What you will do
Exclude all pictures, and reproduce exactly the lines from the one containing "Dainty Amethyst Pendant" through the end of the records, with nothing else added.

Data extracted from a collection
◆ ◆ ◆ ◆ ◆

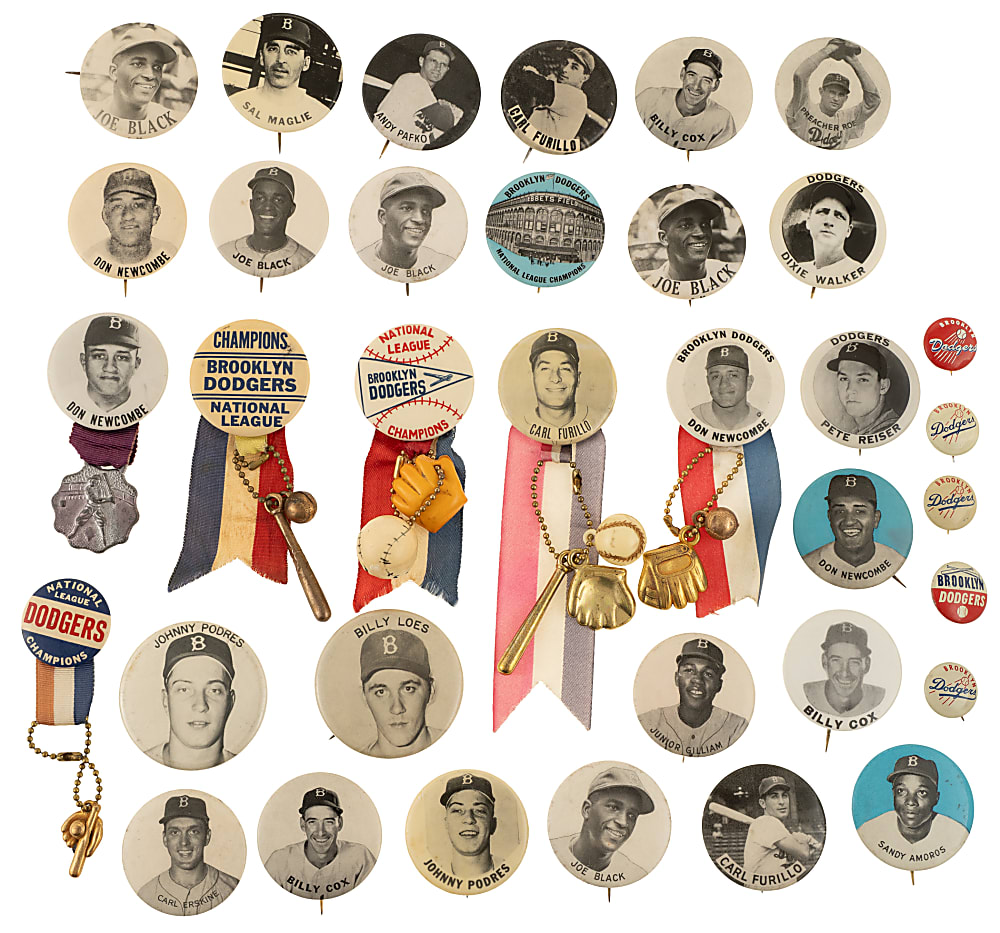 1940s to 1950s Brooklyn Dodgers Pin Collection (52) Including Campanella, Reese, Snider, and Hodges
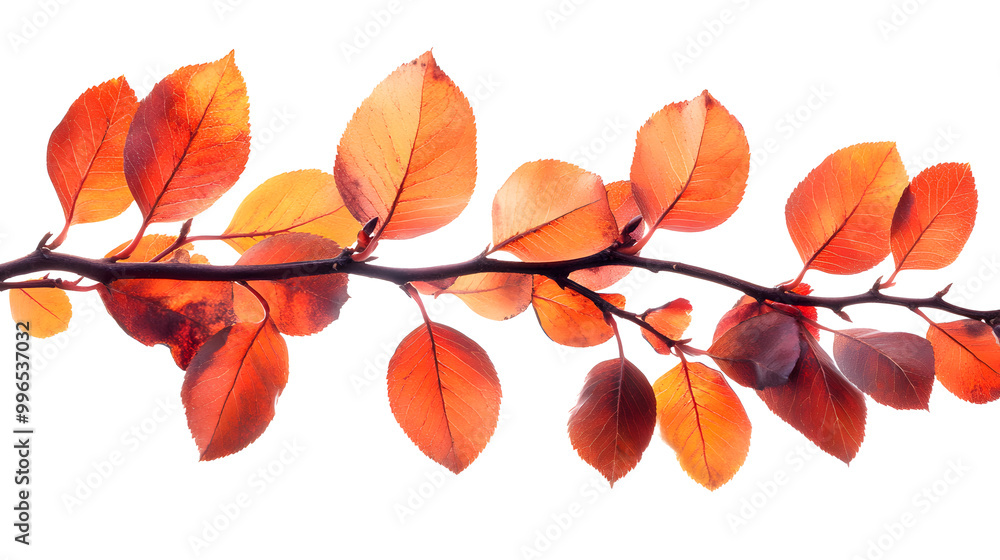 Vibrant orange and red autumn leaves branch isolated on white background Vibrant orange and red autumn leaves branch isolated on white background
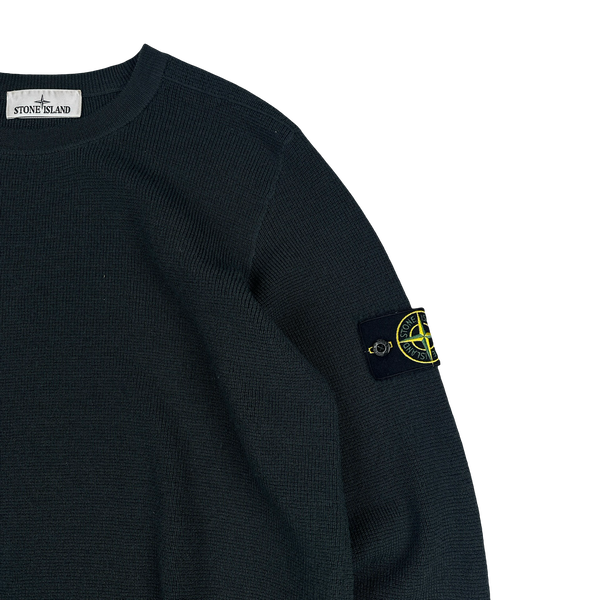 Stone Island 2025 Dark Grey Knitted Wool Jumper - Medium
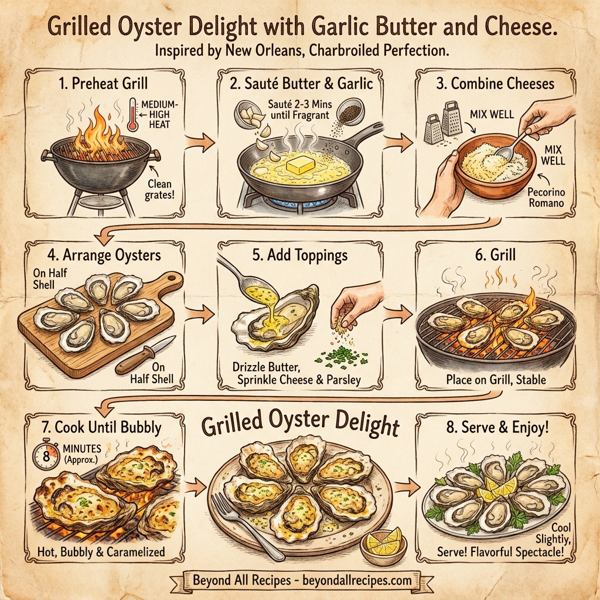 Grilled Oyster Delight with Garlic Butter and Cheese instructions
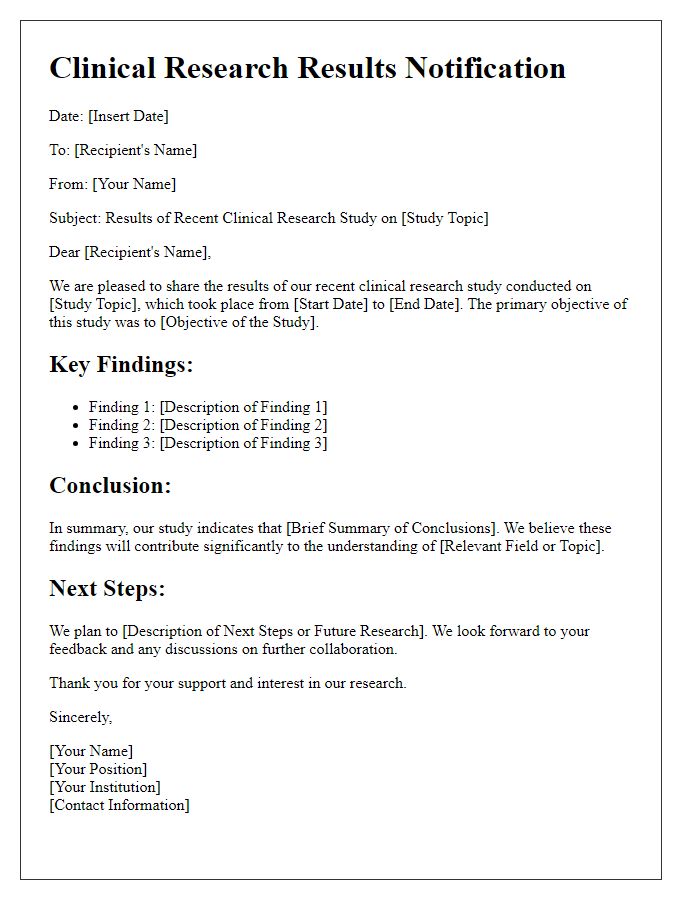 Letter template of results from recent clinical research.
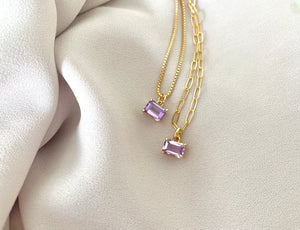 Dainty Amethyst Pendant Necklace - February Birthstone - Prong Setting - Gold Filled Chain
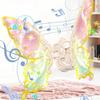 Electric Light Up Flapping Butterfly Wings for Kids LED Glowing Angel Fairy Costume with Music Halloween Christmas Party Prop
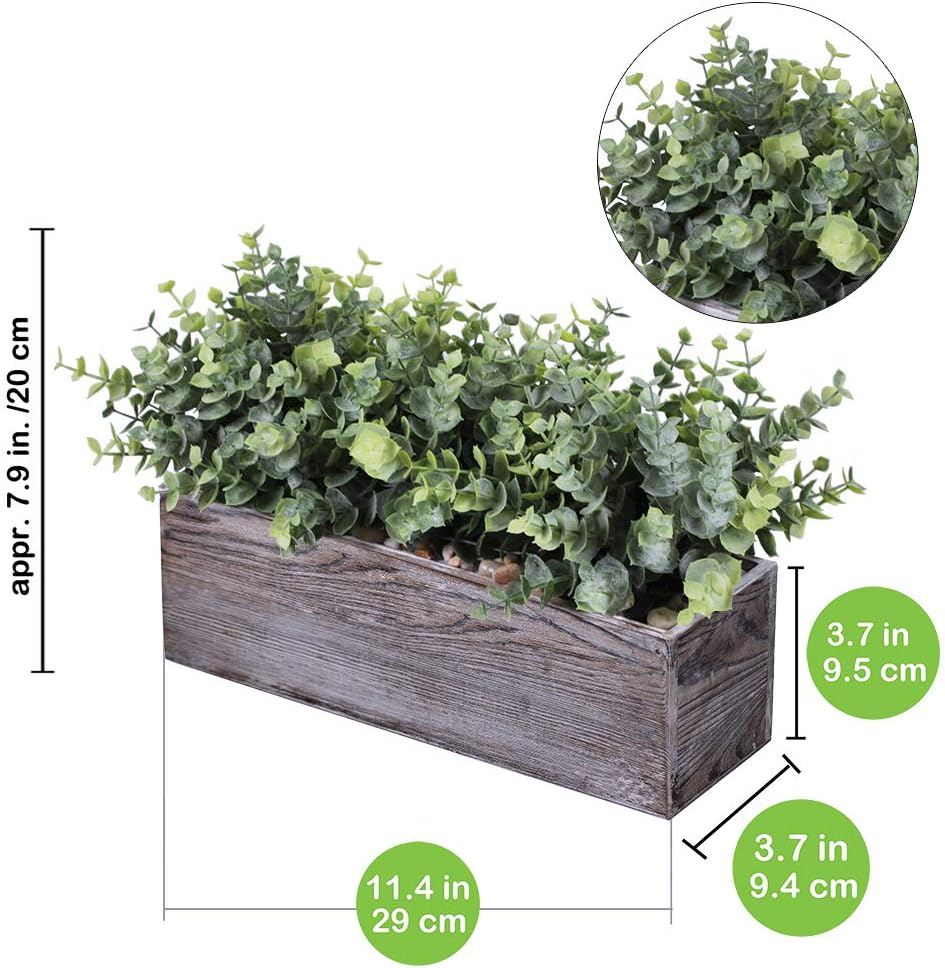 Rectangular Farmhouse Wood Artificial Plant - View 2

◆ ◆ ◆ ◆ ◆

Solution for this problem
 Dainty Amethyst Pendant Necklace - February Birthstone - Prong Setting - Gold Filled Chain
 Electric Light Up Flapping Butterfly Wings for Kids LED Glowing Angel Fairy Costume with Music Halloween Christmas Party Prop
 Rectangular Farmhouse Wood Artificial Plant - View 2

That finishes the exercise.